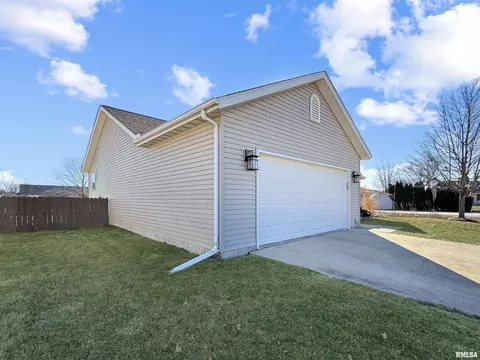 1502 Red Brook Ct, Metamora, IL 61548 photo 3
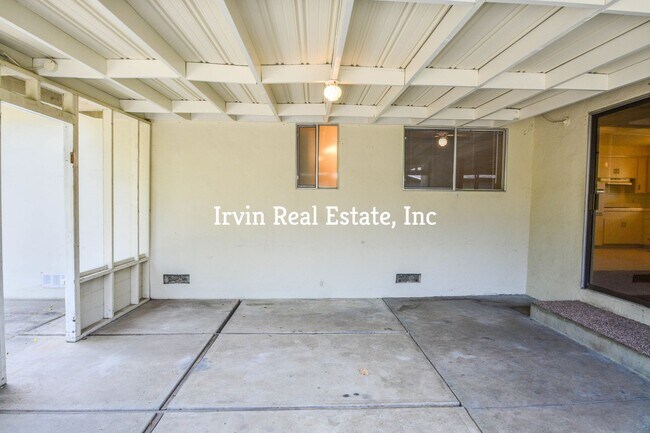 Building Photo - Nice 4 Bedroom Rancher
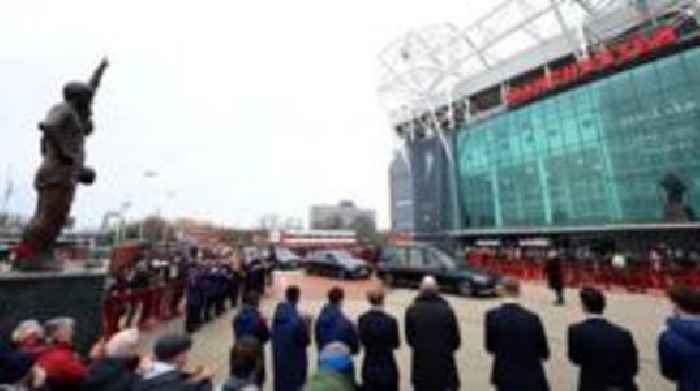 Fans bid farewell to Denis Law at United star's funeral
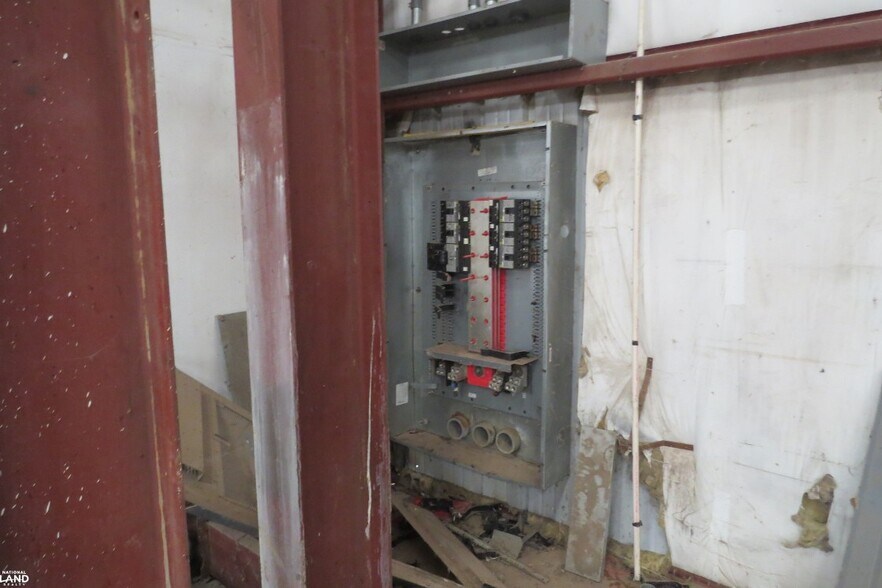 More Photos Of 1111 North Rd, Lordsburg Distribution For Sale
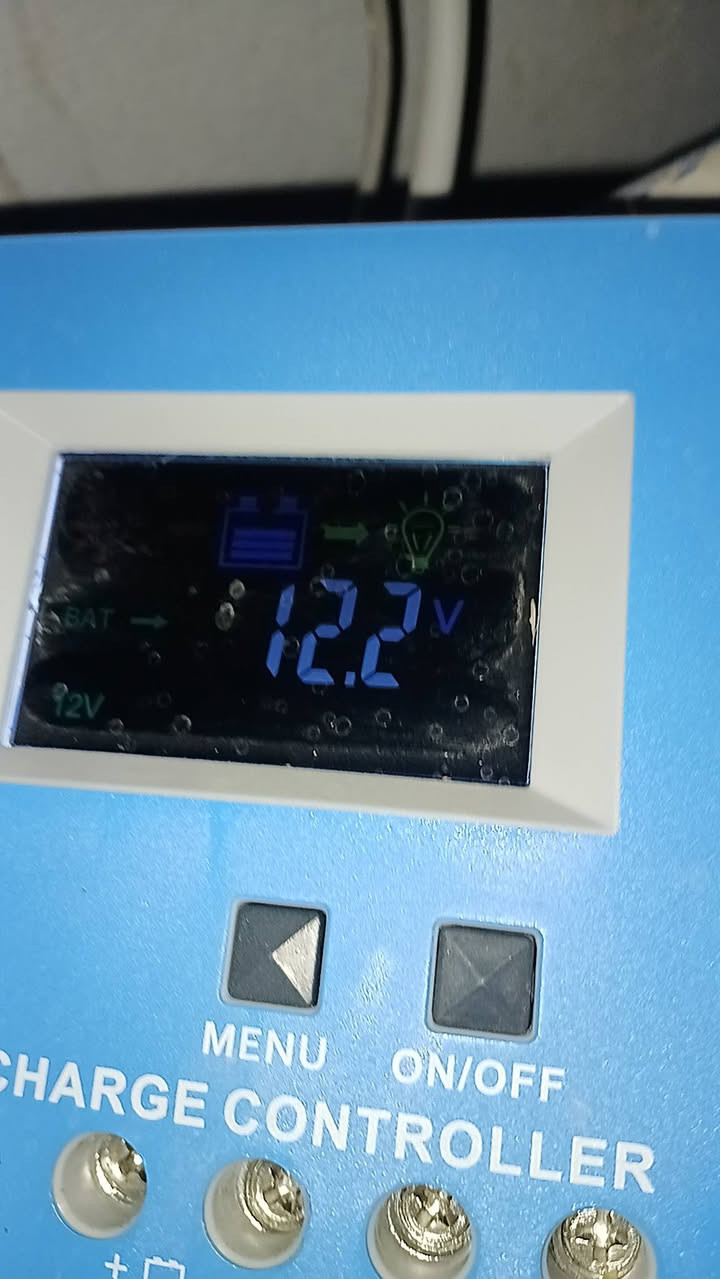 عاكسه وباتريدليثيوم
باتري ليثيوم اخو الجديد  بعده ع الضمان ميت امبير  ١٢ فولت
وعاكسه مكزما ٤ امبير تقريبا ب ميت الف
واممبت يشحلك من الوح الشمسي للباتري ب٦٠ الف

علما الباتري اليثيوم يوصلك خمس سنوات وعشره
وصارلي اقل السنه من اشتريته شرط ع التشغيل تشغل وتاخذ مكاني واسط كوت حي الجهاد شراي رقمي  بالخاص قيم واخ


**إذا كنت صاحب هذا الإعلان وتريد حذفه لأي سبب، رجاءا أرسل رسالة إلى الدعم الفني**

---

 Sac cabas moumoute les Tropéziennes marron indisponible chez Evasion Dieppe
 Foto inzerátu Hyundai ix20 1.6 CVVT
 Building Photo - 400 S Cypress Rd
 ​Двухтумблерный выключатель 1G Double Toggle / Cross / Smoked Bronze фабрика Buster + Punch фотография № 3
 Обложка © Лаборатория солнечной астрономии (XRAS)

* * *

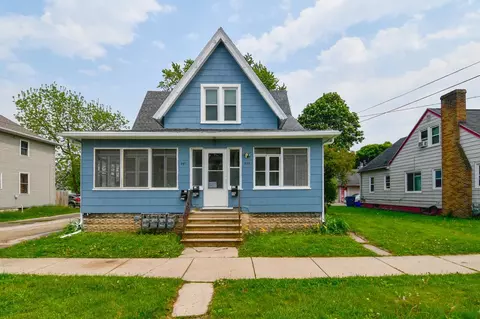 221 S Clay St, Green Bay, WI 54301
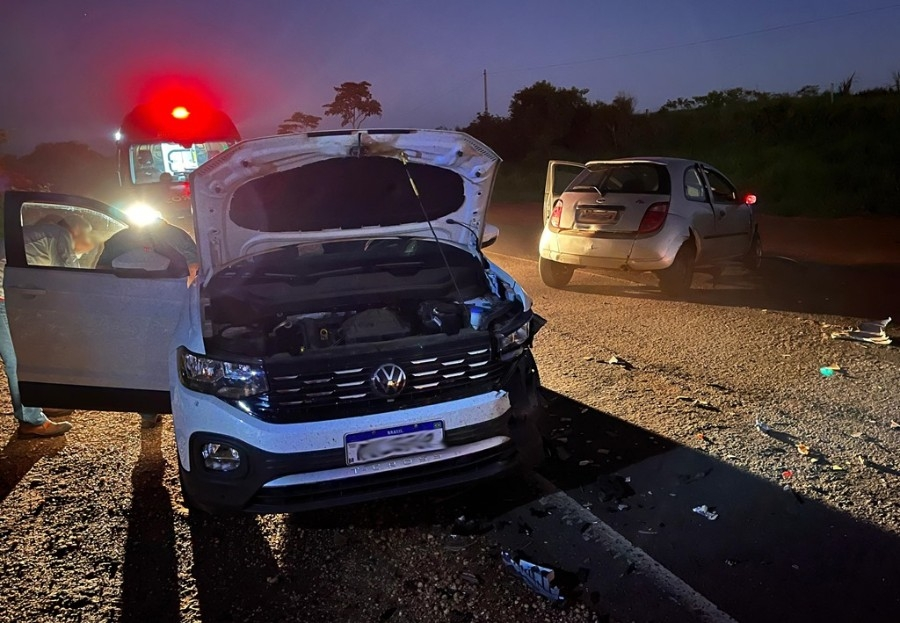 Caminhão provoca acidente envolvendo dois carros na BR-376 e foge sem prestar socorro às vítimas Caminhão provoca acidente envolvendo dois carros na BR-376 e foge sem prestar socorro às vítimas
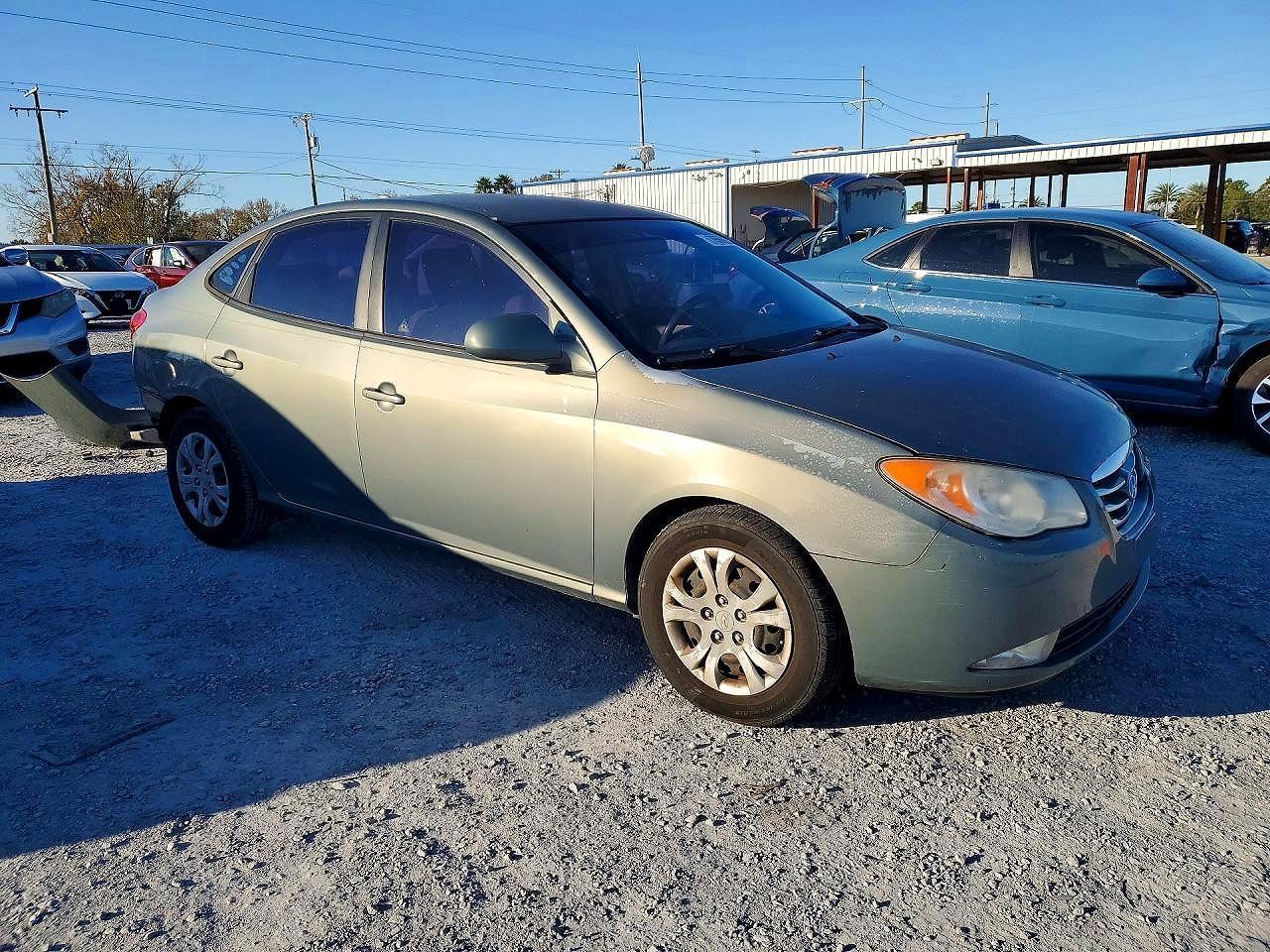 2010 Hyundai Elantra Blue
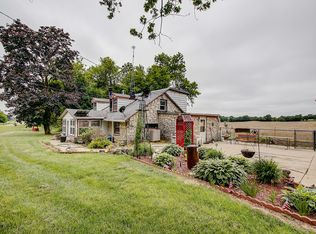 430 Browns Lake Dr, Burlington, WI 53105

> _Goal of the exercise_
From the records above, give again only the part that opens with the line containing "Building Photo - Nice 4 Bedroom Rancher" and closes with the line containing "علما الباتري اليثيوم يوصلك خمس سنوات وعشره". Keep both ends but drop the pictures.

> _Solution for this exercise_
 Building Photo - Nice 4 Bedroom Rancher
 Fans bid farewell to Denis Law at United star's funeral
 More Photos Of 1111 North Rd, Lordsburg Distribution For Sale
 عاكسه وباتريدليثيوم
باتري ليثيوم اخو الجديد  بعده ع الضمان ميت امبير  ١٢ فولت
وعاكسه مكزما ٤ امبير تقريبا ب ميت الف
واممبت يشحلك من الوح الشمسي للباتري ب٦٠ الف

علما الباتري اليثيوم يوصلك خمس سنوات وعشره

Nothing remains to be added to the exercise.